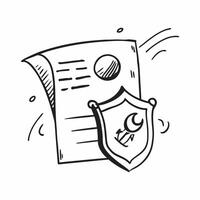 Confidential icon with copy space for business presentations concept as A modern confidential icon design with generous copy space perfect for enhancing business presentations and Dynamic Set 3 vector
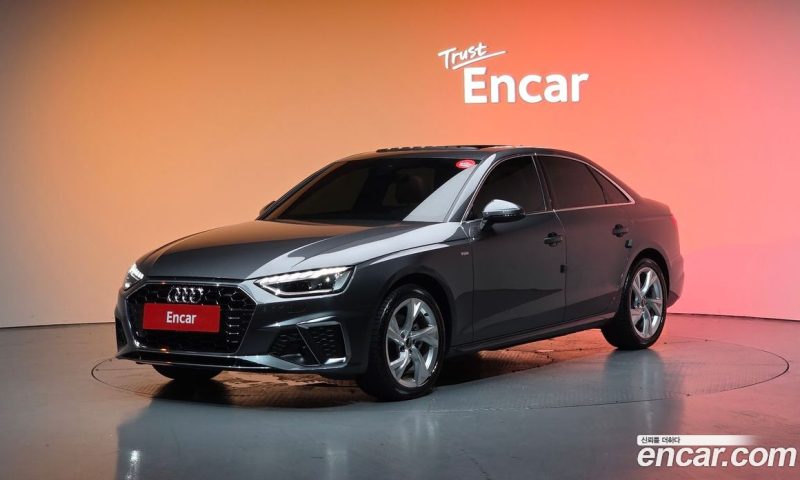 Audi A4 35 TDI Premium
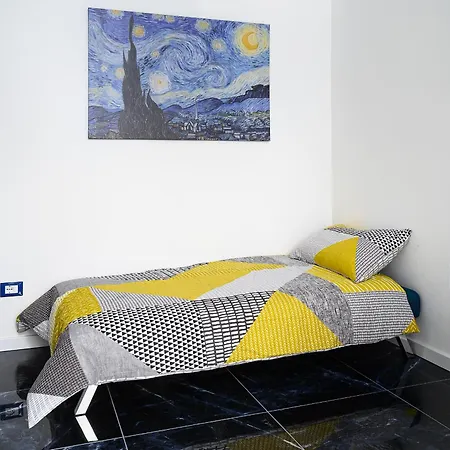 New - Skysuite Imbriani - Bovisa Politecnico Apartamento Milán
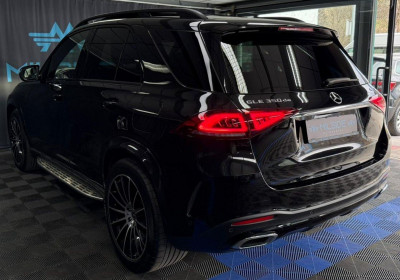 Mercedes-Benz GLE Gebrauchtwagen Mercedes-Benz GLE Gebrauchtwagen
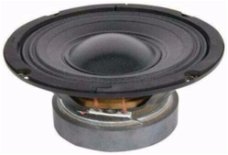 Bas Speaker 16,5 Cm 120 Watt 8 Ohm (536-UK)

========

_Problem_: Beginning with the line containing "Audi A4 35 TDI Premium" and ending with the last line of the listing above, output those lines exactly as written, without pictures.

_Result of the exercise_:
 Audi A4 35 TDI Premium
 New - Skysuite Imbriani - Bovisa Politecnico Apartamento Milán
 Mercedes-Benz GLE Gebrauchtwagen Mercedes-Benz GLE Gebrauchtwagen
 Bas Speaker 16,5 Cm 120 Watt 8 Ohm (536-UK)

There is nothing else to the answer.